- _What is needed_:
Every line containing the string "images" is to be copied from the records.

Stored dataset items

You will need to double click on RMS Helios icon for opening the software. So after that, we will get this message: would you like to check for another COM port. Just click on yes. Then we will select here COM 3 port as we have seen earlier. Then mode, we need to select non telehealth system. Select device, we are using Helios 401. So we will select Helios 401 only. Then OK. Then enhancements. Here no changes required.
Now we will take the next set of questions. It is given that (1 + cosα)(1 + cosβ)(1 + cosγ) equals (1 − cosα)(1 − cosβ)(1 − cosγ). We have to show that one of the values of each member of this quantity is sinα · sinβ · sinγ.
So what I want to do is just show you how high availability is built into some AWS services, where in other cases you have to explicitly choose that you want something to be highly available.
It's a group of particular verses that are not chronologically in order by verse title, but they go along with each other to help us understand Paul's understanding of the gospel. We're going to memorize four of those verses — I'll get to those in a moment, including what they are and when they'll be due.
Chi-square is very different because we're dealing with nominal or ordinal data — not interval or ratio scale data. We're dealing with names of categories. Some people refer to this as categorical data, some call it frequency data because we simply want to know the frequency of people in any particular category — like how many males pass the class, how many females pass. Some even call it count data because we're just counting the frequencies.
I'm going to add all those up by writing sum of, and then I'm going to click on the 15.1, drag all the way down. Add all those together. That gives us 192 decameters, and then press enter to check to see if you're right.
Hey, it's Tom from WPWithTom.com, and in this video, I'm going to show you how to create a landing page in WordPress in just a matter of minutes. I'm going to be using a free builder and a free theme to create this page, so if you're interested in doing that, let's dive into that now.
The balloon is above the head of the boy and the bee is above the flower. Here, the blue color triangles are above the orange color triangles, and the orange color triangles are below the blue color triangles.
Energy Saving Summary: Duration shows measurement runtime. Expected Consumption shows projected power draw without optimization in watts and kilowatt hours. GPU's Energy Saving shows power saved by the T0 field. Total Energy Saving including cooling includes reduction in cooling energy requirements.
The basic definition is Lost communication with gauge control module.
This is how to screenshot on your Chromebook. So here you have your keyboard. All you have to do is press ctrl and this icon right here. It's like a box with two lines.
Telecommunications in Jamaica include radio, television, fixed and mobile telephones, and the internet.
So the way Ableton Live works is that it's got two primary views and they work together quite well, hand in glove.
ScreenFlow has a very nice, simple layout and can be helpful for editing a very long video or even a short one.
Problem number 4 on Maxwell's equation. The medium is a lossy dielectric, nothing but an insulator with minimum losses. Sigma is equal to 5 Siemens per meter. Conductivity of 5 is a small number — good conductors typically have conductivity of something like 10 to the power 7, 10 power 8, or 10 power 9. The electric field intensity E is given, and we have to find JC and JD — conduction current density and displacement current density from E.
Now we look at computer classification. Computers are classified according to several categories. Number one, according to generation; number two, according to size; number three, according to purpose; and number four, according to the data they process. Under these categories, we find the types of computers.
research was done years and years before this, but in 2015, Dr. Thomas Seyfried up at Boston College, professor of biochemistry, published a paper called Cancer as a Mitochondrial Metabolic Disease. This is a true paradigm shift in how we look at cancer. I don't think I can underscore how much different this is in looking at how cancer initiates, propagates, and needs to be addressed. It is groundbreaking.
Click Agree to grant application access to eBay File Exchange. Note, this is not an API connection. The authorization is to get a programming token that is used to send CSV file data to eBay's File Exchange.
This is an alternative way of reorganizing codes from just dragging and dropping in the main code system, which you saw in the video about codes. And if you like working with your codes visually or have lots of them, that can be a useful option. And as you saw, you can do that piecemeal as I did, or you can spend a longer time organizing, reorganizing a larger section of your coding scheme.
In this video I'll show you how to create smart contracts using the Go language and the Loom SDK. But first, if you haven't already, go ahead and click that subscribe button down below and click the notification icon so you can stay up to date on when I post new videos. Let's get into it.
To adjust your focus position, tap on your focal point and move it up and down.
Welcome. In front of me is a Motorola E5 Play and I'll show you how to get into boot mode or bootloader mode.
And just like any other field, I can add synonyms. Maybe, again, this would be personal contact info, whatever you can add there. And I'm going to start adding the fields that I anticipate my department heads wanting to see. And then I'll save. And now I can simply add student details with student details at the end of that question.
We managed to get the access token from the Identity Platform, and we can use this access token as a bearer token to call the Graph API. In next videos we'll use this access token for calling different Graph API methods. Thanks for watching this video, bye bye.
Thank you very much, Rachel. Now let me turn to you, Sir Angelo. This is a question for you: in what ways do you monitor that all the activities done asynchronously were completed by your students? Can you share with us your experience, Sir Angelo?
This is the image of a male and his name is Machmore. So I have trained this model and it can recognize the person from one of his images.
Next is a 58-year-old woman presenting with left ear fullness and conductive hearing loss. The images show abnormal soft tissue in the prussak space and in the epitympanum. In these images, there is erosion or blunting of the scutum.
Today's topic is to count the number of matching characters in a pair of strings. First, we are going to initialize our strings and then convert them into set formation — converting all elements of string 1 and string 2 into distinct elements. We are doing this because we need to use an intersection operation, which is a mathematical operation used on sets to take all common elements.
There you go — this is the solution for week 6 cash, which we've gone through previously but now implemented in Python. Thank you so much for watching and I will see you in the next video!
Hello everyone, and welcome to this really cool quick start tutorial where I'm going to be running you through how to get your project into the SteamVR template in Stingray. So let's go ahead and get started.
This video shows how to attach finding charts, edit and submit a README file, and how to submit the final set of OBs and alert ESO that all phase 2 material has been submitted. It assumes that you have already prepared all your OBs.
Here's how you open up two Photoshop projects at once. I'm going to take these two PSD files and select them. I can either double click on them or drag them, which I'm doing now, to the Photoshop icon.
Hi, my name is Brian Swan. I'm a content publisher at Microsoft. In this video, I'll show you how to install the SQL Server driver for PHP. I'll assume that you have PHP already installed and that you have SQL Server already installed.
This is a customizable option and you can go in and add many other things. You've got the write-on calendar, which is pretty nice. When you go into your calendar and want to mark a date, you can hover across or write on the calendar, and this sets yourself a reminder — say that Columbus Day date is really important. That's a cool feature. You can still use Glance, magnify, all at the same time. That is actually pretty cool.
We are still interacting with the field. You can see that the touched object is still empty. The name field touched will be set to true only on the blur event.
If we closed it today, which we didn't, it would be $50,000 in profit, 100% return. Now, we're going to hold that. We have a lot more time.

- _Reply_:
This is the image of a male and his name is Machmore. So I have trained this model and it can recognize the person from one of his images.
Next is a 58-year-old woman presenting with left ear fullness and conductive hearing loss. The images show abnormal soft tissue in the prussak space and in the epitympanum. In these images, there is erosion or blunting of the scutum.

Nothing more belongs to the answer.